By Kim Se-jeong
Staff Reporter
For the third year in a row, Koreans make of the largest portion of foreign students at educational institutes in the United States.
According to the U.S. Department of Homeland Security, the number of Korean students studying in the United States in 2008 totaled 127,185, accounting for 15 percent of the total 859,169.
It was mostly Asian countries in the top five.
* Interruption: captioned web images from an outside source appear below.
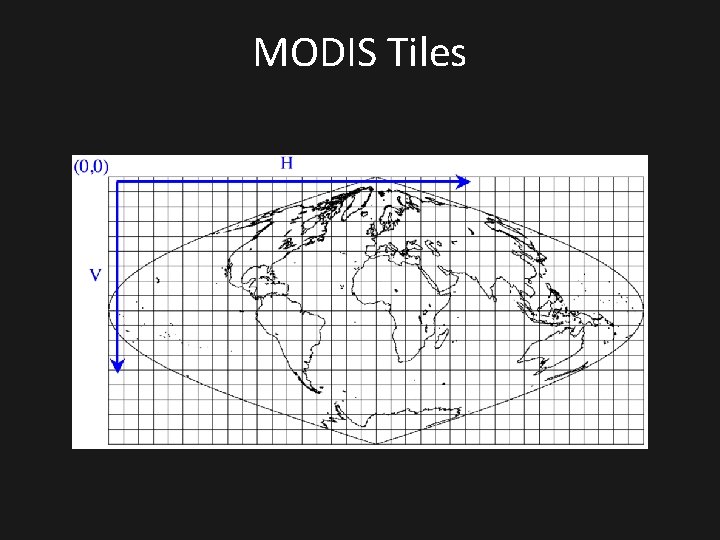 MODIS Tiles 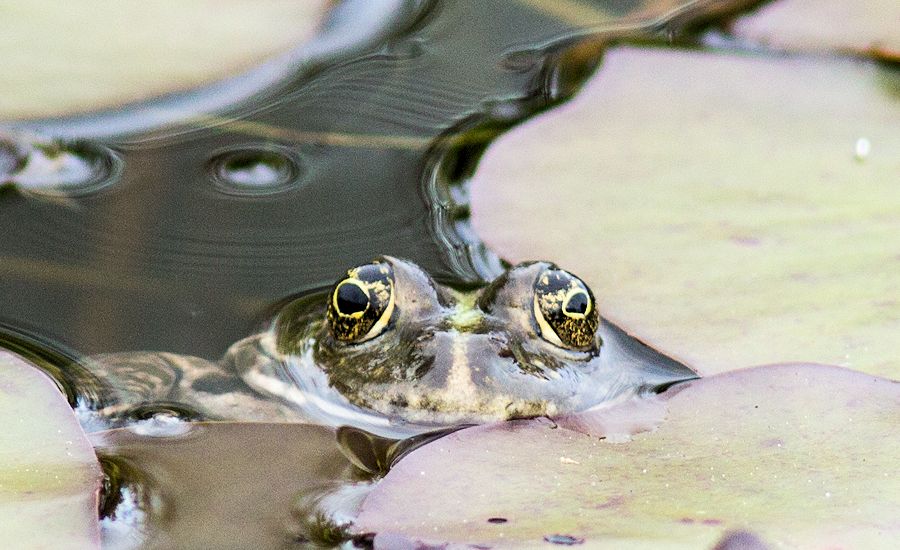 Teichfrosch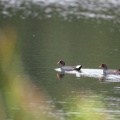 gallinula-chloropus-guadeloupe-F9DBD943-2BF7-4BF0-9C0B-1AB5BFF9E54B.jpg
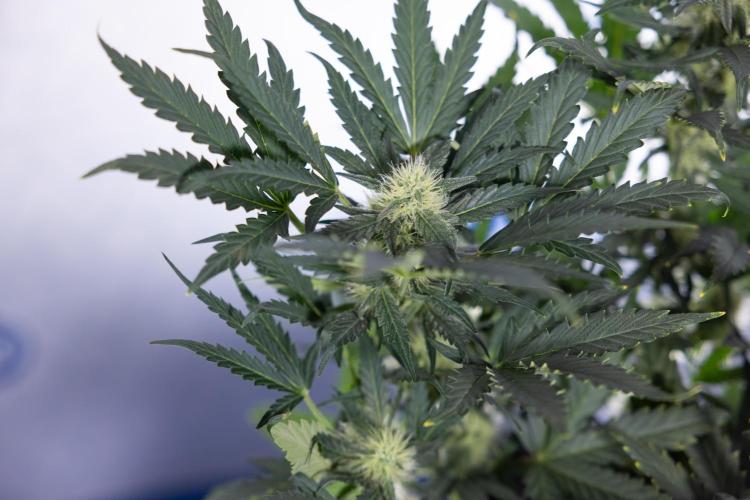 Watermelon Candy #2 - Zamnesia x B&B. Week 7 - Watermeloin Candy #2 - Bloom - Week 6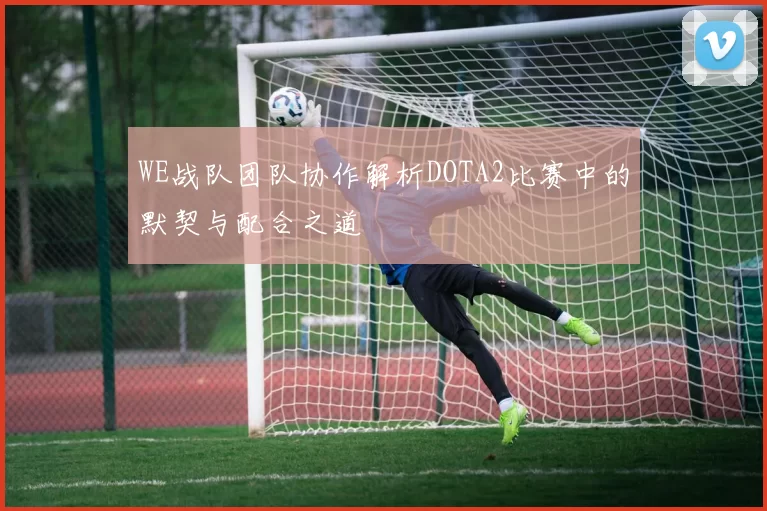 WE战队团队协作解析DOTA2比赛中的默契与配合之道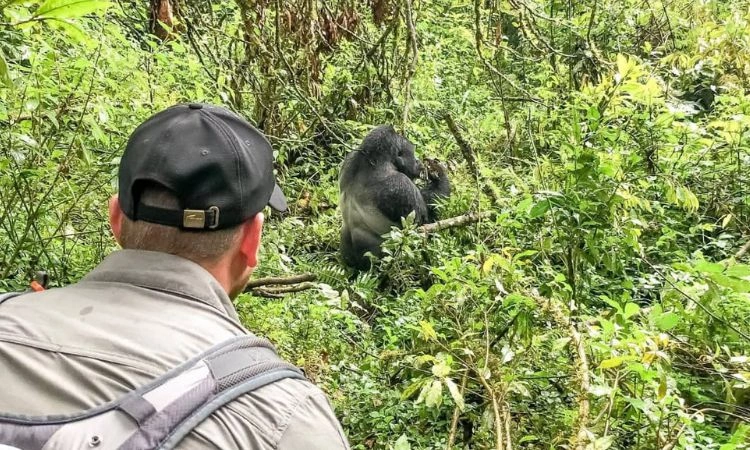 one-day-gorilla-trek-starting-from-kabale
Korea was followed by China (90,290, or 10.5 percent), India (85,067, or 9.9 percent), Japan (58,081, or 6.8 percent) and Mexico (54,084, or 6.3 percent).
The statistics also indicated that the number of Korean citizens on short-term nonimmigrant admission to the United States last year was 216,646. In other words, more than half of the Korean citizens living in the United States were on a student visa.
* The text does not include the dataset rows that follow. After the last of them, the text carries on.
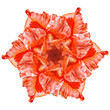 Flower mandala on white background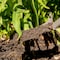 Radius Garden Root Slayer Perennial Shovel 23311 - alternate 7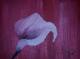 Calla - Prise - auf - Sonstiges - Calla - Prise - auf - Sonstiges -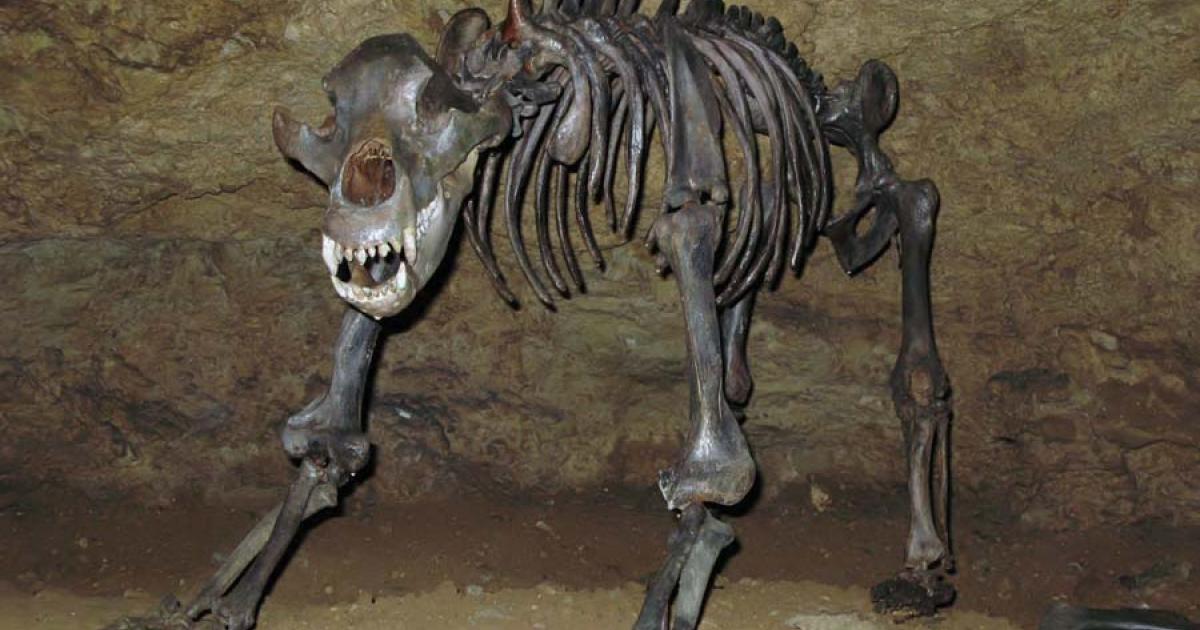 Strange Hole in 35,000yearold Russian Bear Skull Stumps Scientists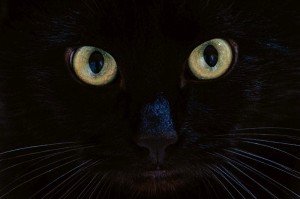 Fototapeta na Flizelinie MS-5-0553 Spojrzenie czarnego kota 375 x 250 cm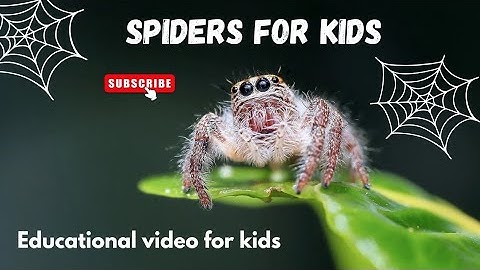 Spiders for kids | Learn all about these amazing arachnid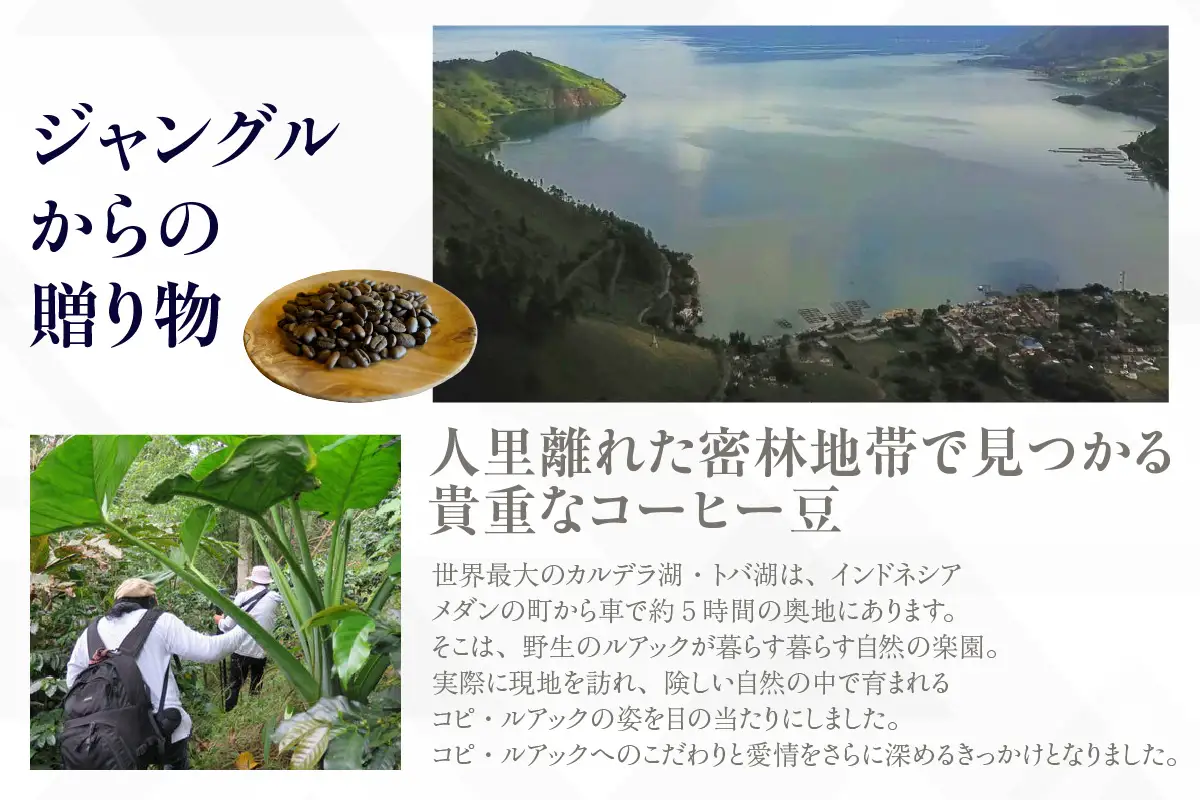 【お中元用】幻のコーヒー　コピ・ルアック【豆のまま】（3551）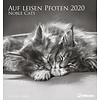 Katten - Noble Cats 45x48 Kalender 2020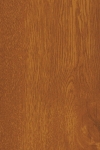 Dąb-bursztynowy.9DS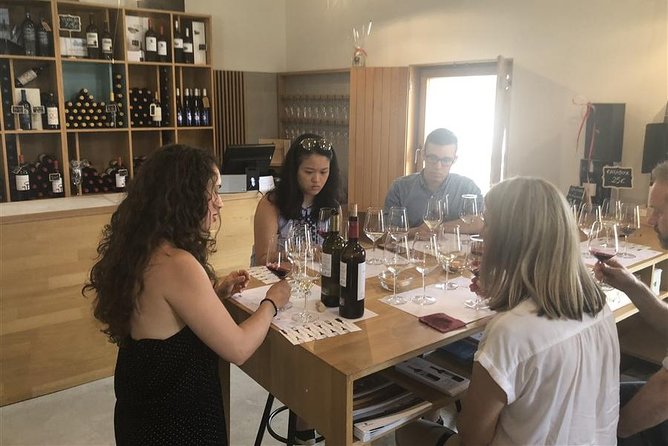 Windmills of Don Quixote Wine Tour & Tasting From Madrid - Small Group Tour Experience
The statistics are perhaps no longer surprising, having remained the top foreign student provider since 2006. Back in Korea, it is now more commonplace to find someone who has studied abroad, especially the United States.
The trend runs in tandem with Koreans' well-known focus on education, especially English.
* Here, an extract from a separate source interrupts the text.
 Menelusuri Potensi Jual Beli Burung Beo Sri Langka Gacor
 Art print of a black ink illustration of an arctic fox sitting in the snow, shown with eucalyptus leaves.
The government, facing a heavy deficit stemming from money transferred abroad for educational purposes, has steadily been trying to be creative in coming up with affordable and quality public English education, which for the most part went in vain.
One of the most recent government endeavors is the Work, English Study and Travel (WEST) Program, in cooperation with the U.S. government.
Almost equivalent to the working holiday programs of Australia, New Zealand, Canada or Japan, participants receive English education, work as interns at firms and travel over 18 months.
Unlike working holiday programs, however, participants in the WEST program have to pay approximately $10,000, a fact which often surfaces for criticism.